*** Opening of SUPPLIED MATERIAL ***

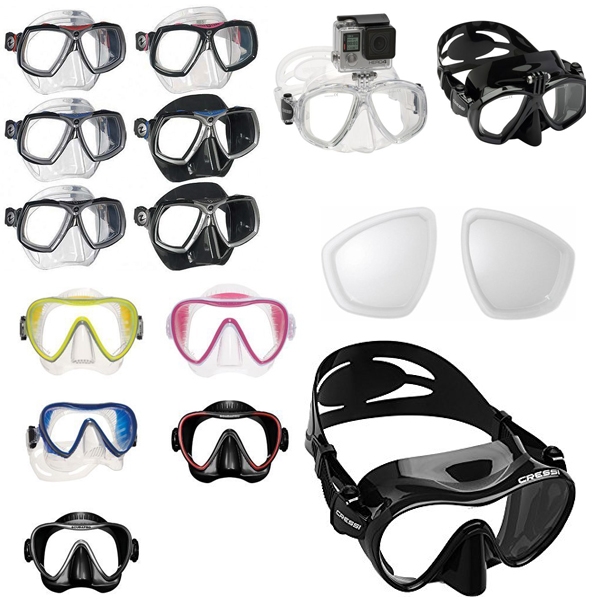 Picture for category Maske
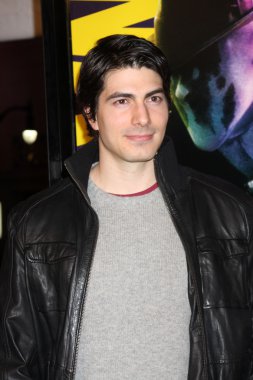 Brandon Routh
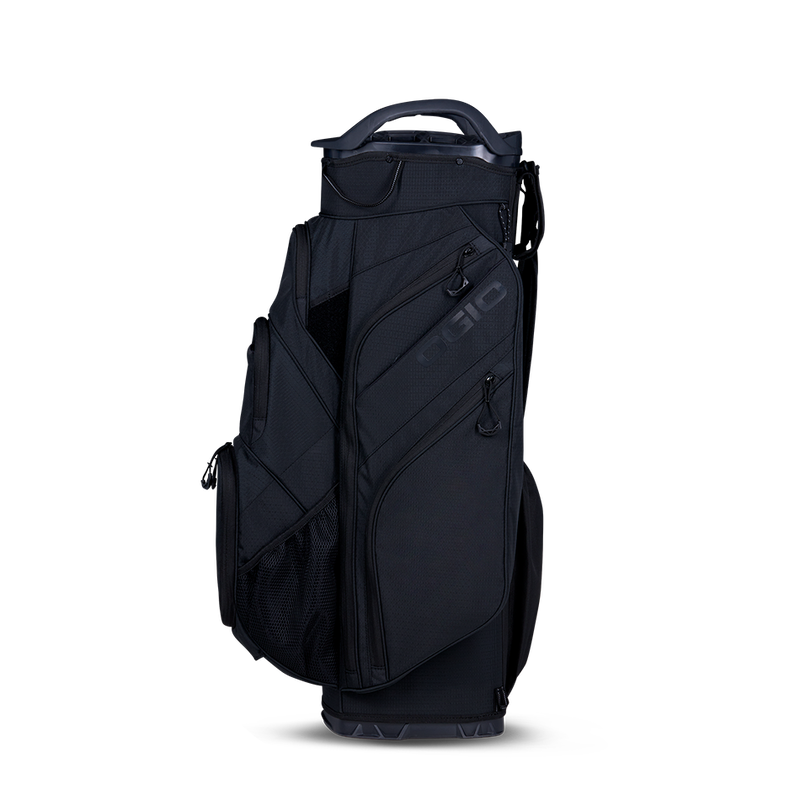 Woodē Cart Bag - View 3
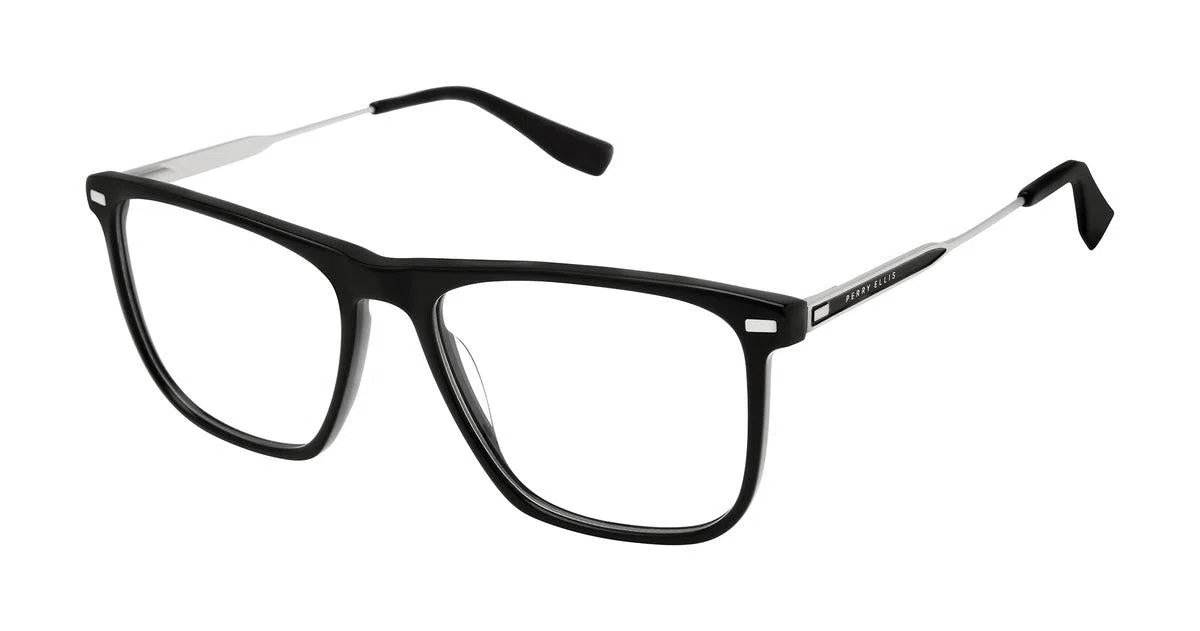 Perry Ellis 1351 Eyeglasses - view 2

*** Close of SUPPLIED MATERIAL ***

* [AIM OF THE EXERCISE]
Give the listing again, exactly as it appears, but without its images.

* [ANSWER SECTION]
 Picture for category Maske
 Brandon Routh
 Woodē Cart Bag - View 3
 Perry Ellis 1351 Eyeglasses - view 2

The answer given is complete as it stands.